Und noch etwas weicht von der Norm klassischer Pianotrios ab: Gustavsen wählt anstatt eines pianistischen Ansatzes eher einen vokalistischen, was auch daran liegen mag, dass er bevorzugt mit Sängerinnen wie seiner Landsfrau Silje Nergaard arbeitet. Zwangsläufig mündet dies auch in eine gewisse Großzügigkeit im Umgang mit Noten. Der junge, höfliche Mann erzählt pausenlos mit seinen zehn Fingern. Er sprudelt wie ein Wasserfall, ohne erkennbares Ende, aber mit viel Sinn und Stil sowie jeder Menge unentdeckter Lösungen auf den 88 Tasten.

Wo soll man dieses Riesentalent mit seinen kongenialen Mitmusikern überhaupt einordnen? Wenn sich die drei gerade in einer Ecke kuschelig eingerichtet zu haben scheinen, erfolgt der unerwartete Ausbruch. Gustavson benutzt dazu verführerische Kompositionen von trügerischer Schlichtheit, die in ihrer clever austarierten Breitenwirkung leicht das Zeug zu Jazzstandards des 21. Jahrhunderts besitzen. Das Kinderlied „Edges of Happiness“ zum Beispiel oder „Colors Of Mercy“.

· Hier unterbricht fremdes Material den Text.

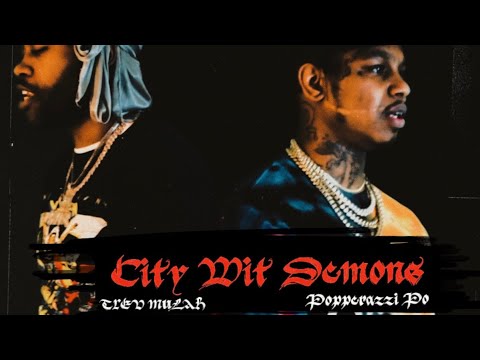 Trev Mulàh Ft. @PopperazziPo  - City Wit Demons [Official Music Video]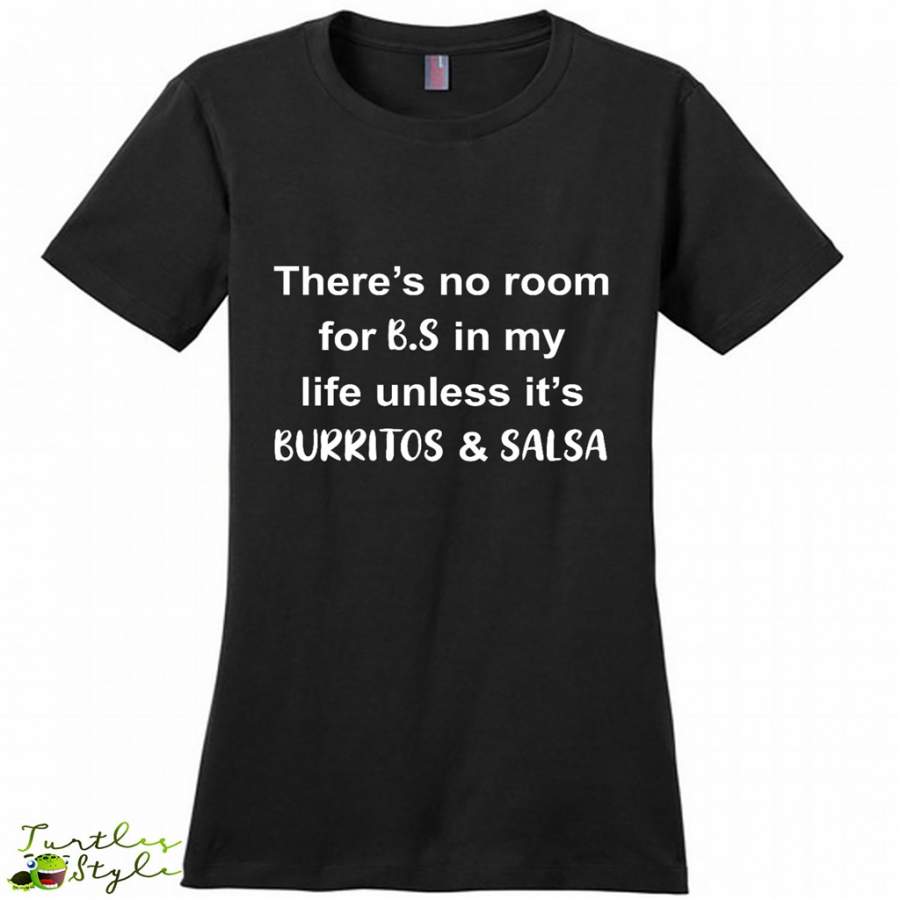 There’s No Room For B.S In My Life Unless It’s Burritos & Salsa – District Made Women Shirt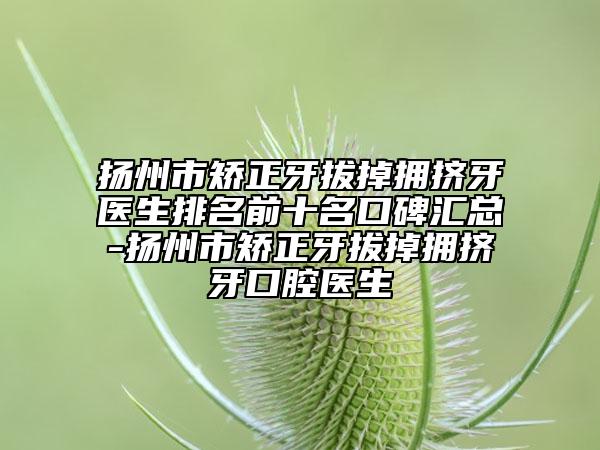 揚州市矯正牙拔掉擁擠牙醫(yī)生排名前十名口碑匯總-揚州市矯正牙拔掉擁擠牙口腔醫(yī)生
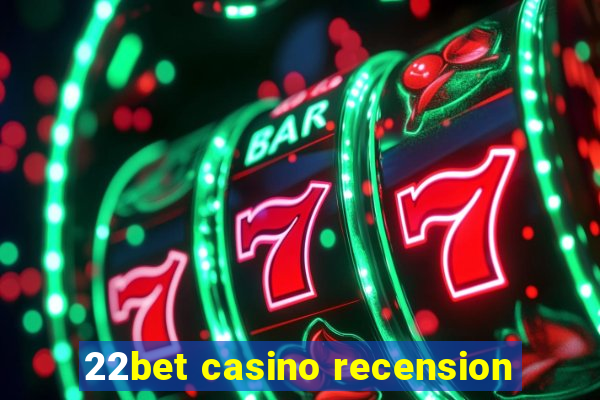 22bet casino recension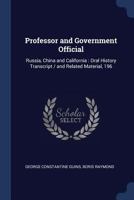 Professor and Government Official: Russia, China and California: Oral History Transcript / And Related Material, 196 1376870843 Book Cover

Während Bassist Johnsen den weiten Rahmen ungeheuer geschmackvoll, aber auch weitgehend alleine absteckt, vollzieht sich dagegen zwischen Pianist und Schlagzeuger ein intensiver Dialog. Rhythmus und Melodie, Trommelfelle und Elfenbein gehen eine seltene Zweckehe ein. Während Gustavsen schwelgt, zischelt, fächert und trippelt dessen Schulfreund Vespestad so unmittelbar dazu, als wäre er ein Teil des Klaviers.

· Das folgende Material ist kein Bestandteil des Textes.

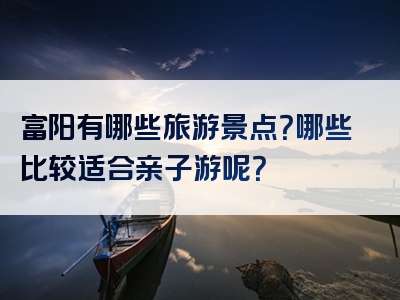 富阳有哪些旅游景点？哪些比较适合亲子游呢？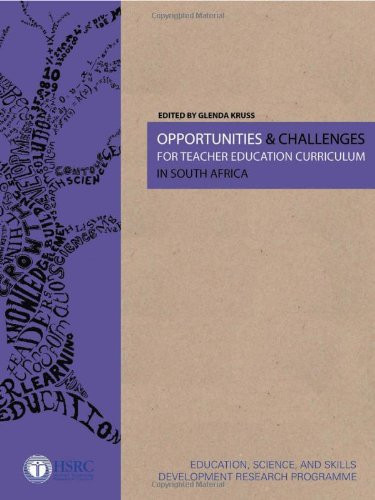 Opportunities & challenges for teacher education curriculum in South Africa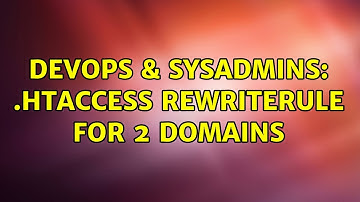 DevOps & SysAdmins: .HTACCESS RewriteRule for 2 Domains (2 Solutions!!)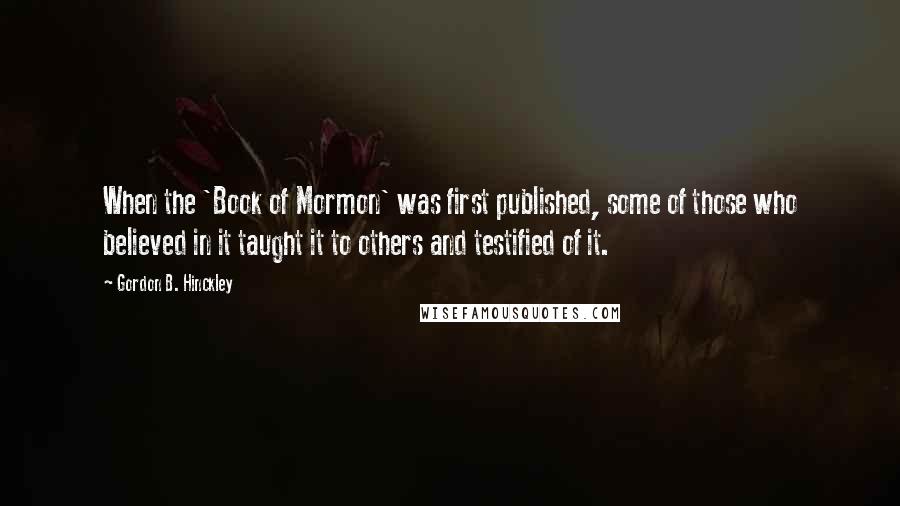 Gordon B. Hinckley Quotes: When the 'Book of Mormon' was first published, some of those who believed in it taught it to others and testified of it.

Tord Gustavsen nennt dies ein bisschen umständlich die „dialektische Erotik der Improvisation“, und jeder, dem dies viel zu wissenschaftlich, zu theoretisch klingt, der beginnt exakt in diesem Moment zu begreifen, worum es dem Pianisten wirklich geht. Seine Lesart der Sinnenfreude setzt sich deutlich von musikalischen Erotomanen wie Prince oder Madonna ab. Kein Schaulaufen der Körpersäfte, sondern ein innerer, stiller Genuss. Etwas, das im Kopf stattfindet. Die intensivste Form der Erotik.